The polymeric bushings were visually examined, which revealed generally poor condition. There were signs of heavy contamination with dirt and dark deposits, suggesting prolonged exposure to environmental contaminations or operational wear. In addition, the edges of the silicone rubber insulator had chipped, which could compromise insulation properties and mechanical integrity of the bushing. The outer surface exhibited significant deterioration, categorized as ‘alligatoring’ cracking where the material forms a rough surface (see Figs. 3,4 & 5).

By contrast, a new bushing inside the original crate was selected to serve as reference for the original condition. A close-up examination was conducted on a new silicone rubber bushing stored in a wooden crate under a roofed storage area (see Fig. 7). The insulator surface appeared clean and shiny, with no evidence of cracking or deterioration. Proper storage conditions included protection from direct sunlight, moisture, and airborne contaminants – all of which contributed to preserving the bushing’s physical integrity.
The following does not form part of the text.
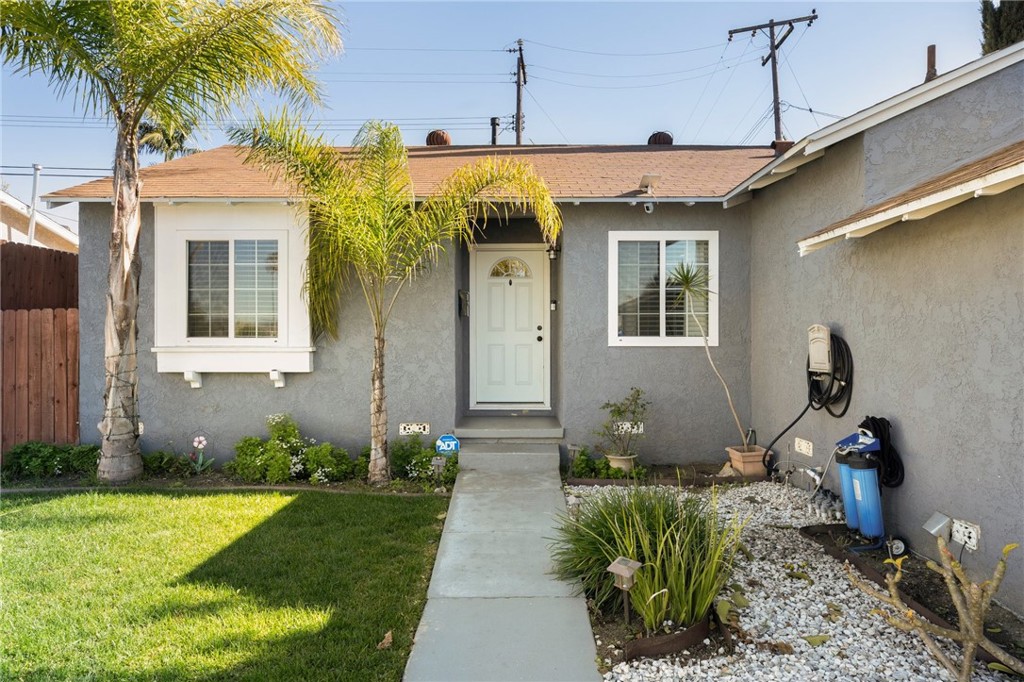 15326 Leffingwell Road Whittier, CA 90604 - Photo 3 of 20 a front view of a house with garden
Visual inspection was also carried out on a reference bushing installed at the substation and coming from the same manufacturer. The silicone rubber insulator in this case showed a mildly contaminated surface, likely due to exposure to the outdoor environment. Despite this, the material remained intact, with no signs of cracking or structural damage. Its condition suggested that, while some surface dirt accumulation had occurred, the bushing retained its mechanical and insulation properties.

Material & Elemental Analysis

To evaluate the extent and nature of deterioration in the polymeric bushing material, a comprehensive series of laboratory-based material analyses were conducted. These tests were intended to identify physical, chemical, thermal, and structural changes to the silicone rubber insulator with focus on correlating environmental exposure to observed failure modes. The scope of the material analysis covered both qualitative and quantitative methods to ensure a thorough assessment of degradation mechanisms. The following techniques were employed:

Together, these different analyses provided a detailed understanding of chemical and mechanical degradation processes that may have affected the bushing’s housing material.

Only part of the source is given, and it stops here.